▶ What is needed:
Below is a listing with pictures in it; transcribe exactly the lines from the one that has "Skills assessment platform" through the one that has "Top Drawer Rainbow", and omit those pictures.

[Exercise data — start]

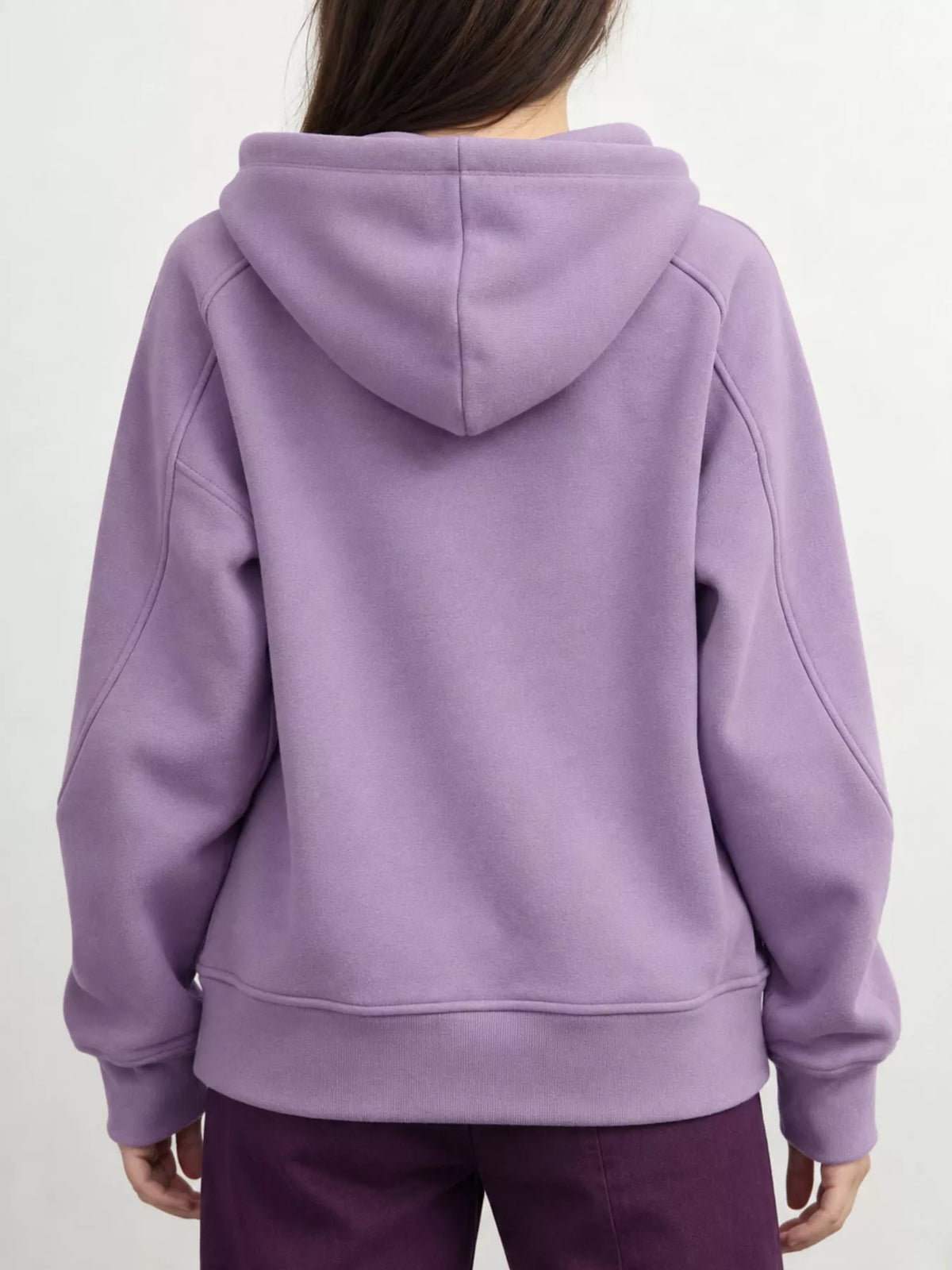 Women's Zip Up Raglan Sleeve Hoodie in purple — back view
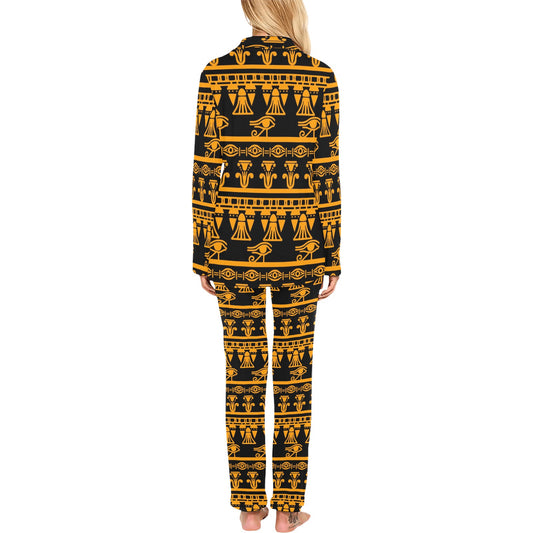 Eye of Horus Tribal Egypt Pattern Women's Long Pajama Set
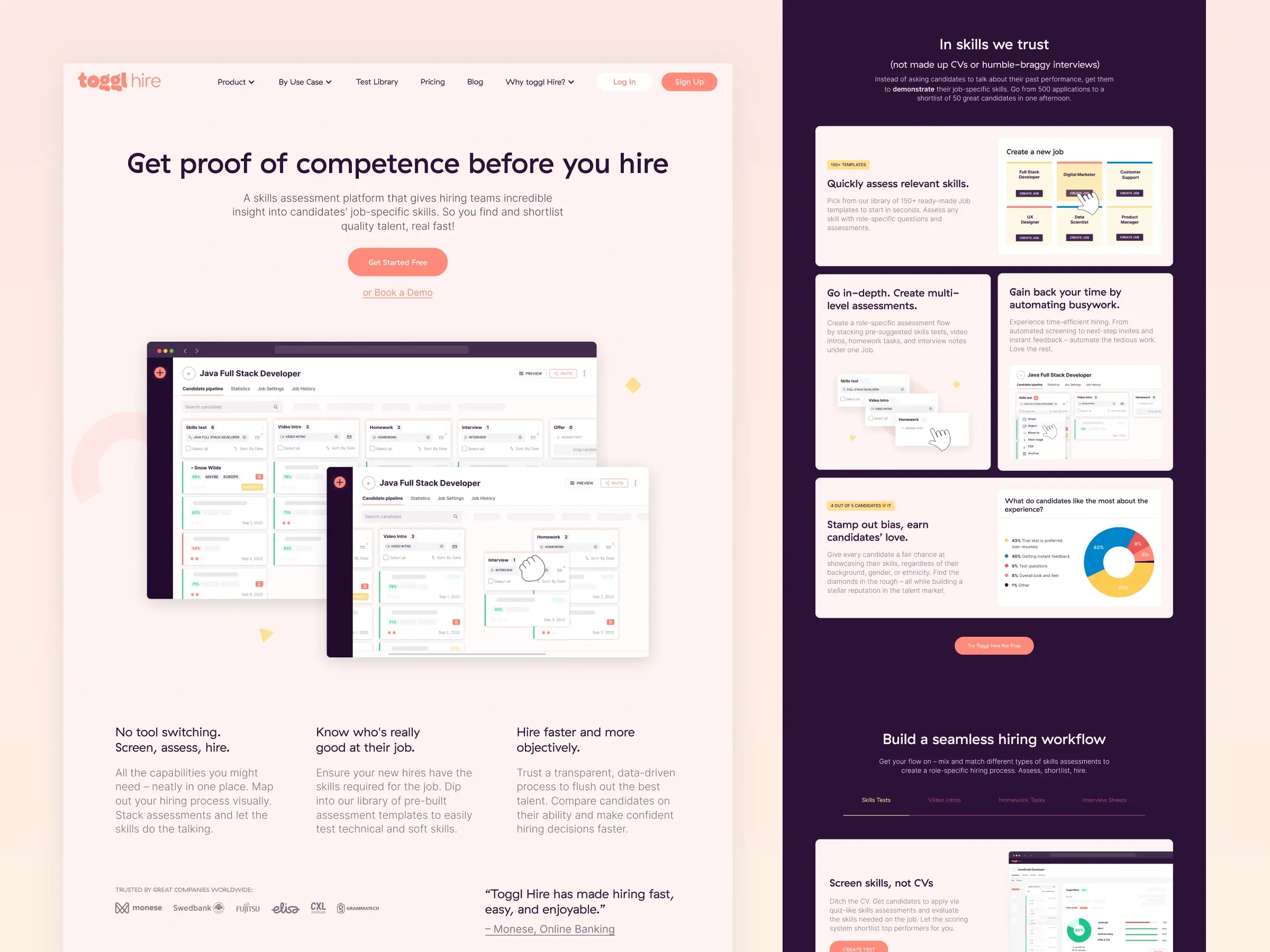 Skills assessment platform – Toggl Hire landing page and internal feature layout preview with light and dark themes, pipeline dashboards, and structured workflow sections.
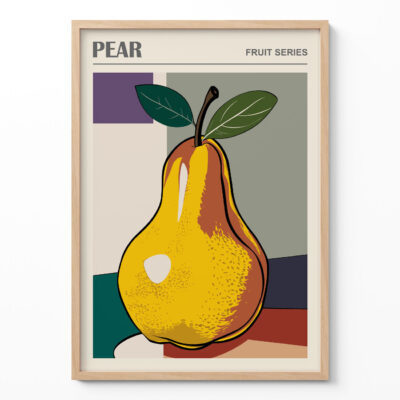 Pear Kitchen Poster – Retro Fruit Wall Art Print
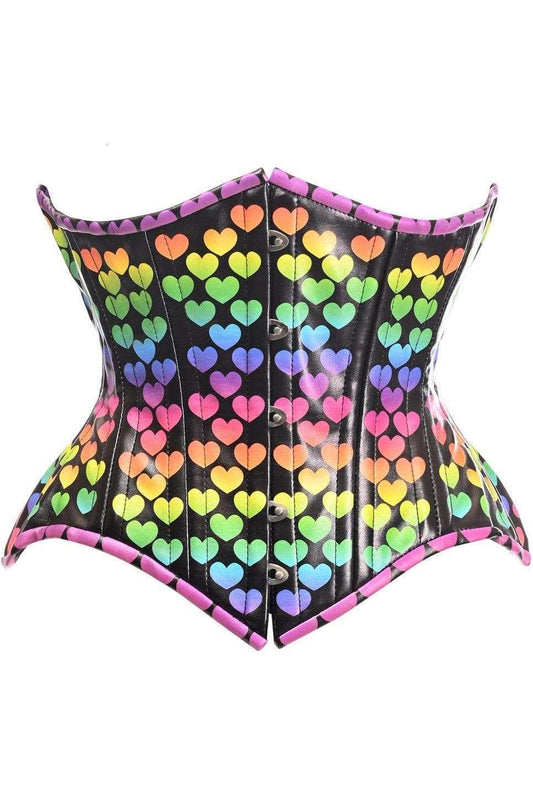 Top Drawer Rainbow Hearts Double Steel Boned Curvy Cut Underbust Cincher Corset - Daisy Corsets - Flyclothing LLC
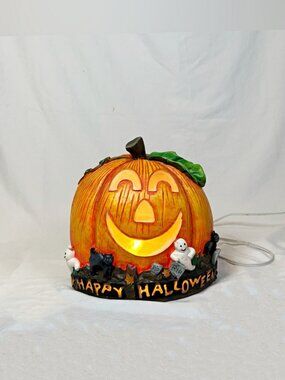 Vintage New Creative Light Stone Happy Halloween Lighted Jack O Lantern Pumpkin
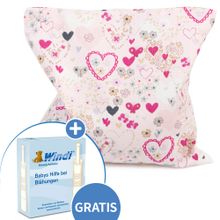 Wärmekissen mit Traubenkern-Füllung + GRATIS Windi- Babys Hilfe bei Blähungen 1 Stück - Herzchen Rosa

[Exercise data — finish]

▶ Result for this task:
 Skills assessment platform – Toggl Hire landing page and internal feature layout preview with light and dark themes, pipeline dashboards, and structured workflow sections.
 Pear Kitchen Poster – Retro Fruit Wall Art Print
 Top Drawer Rainbow Hearts Double Steel Boned Curvy Cut Underbust Cincher Corset - Daisy Corsets - Flyclothing LLC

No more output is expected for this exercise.